0

I have the problem that the dataframe from my import (stock prices from Yahoo) are not correct for a specific time period. I want to clear the data from 2010-01-01 until 2017-10-17 for "VAR1.DE" and replace it empty or with NaN. I have found the panda function "drop" but this will delete the hole column.

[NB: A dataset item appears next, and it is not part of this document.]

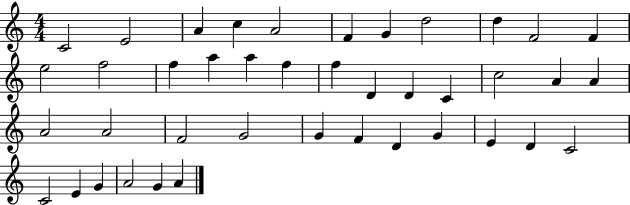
C4/h E4/h A4/q C5/q A4/h F4/q G4/q D5/h D5/q F4/h F4/q E5/h F5/h F5/q A5/q A5/q F5/q F5/q D4/q D4/q C4/q C5/h A4/q A4/q A4/h A4/h F4/h G4/h G4/q F4/q D4/q G4/q E4/q D4/q C4/h C4/h E4/q G4/q A4/h G4/q A4/q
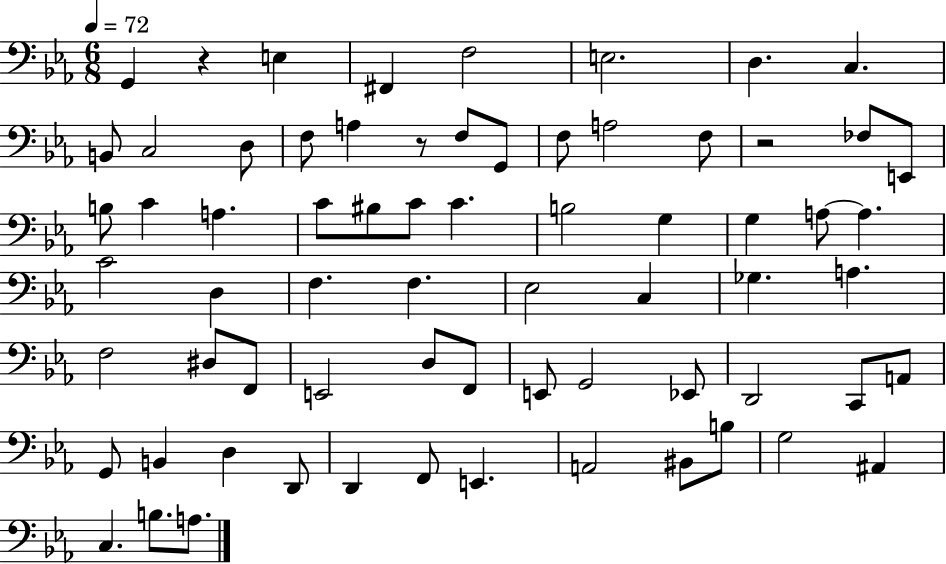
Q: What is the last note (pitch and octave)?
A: A3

How can I solve the problem?

Here is my code:

from pandas_datareader import data as web
import pandas as pd
import numpy as np
from datetime import datetime

assets = ['1211.HK','BABA','BYND','CAP.DE','JKS','PLUG','QCOM','VAR1.DE']
weights = np.array([0.125,0.125,0.125,0.125,0.125,0.125,0.125,0.125])
stockStartDate='2010-01-01'
today = datetime.today().strftime('%Y-%m-%d')

df = pd.DataFrame()

for stock in assets:
 df[stock]=web.DataReader(stock, data_source='yahoo', start=stockStartDate,end=today)['Adj Close']
  • 1
    Does this answer your question? [How to delete rows from a pandas DataFrame based on a conditional expression](https://stackoverflow.com/questions/13851535/how-to-delete-rows-from-a-pandas-dataframe-based-on-a-conditional-expression) – IoaTzimas Jan 01 '21 at 00:30

1 Answers1

0

instead of having a for loop, you can simply do:

df = web.DataReader(name=assets, data_source='yahoo', start=stockStartDate, end=today)['Adj Close']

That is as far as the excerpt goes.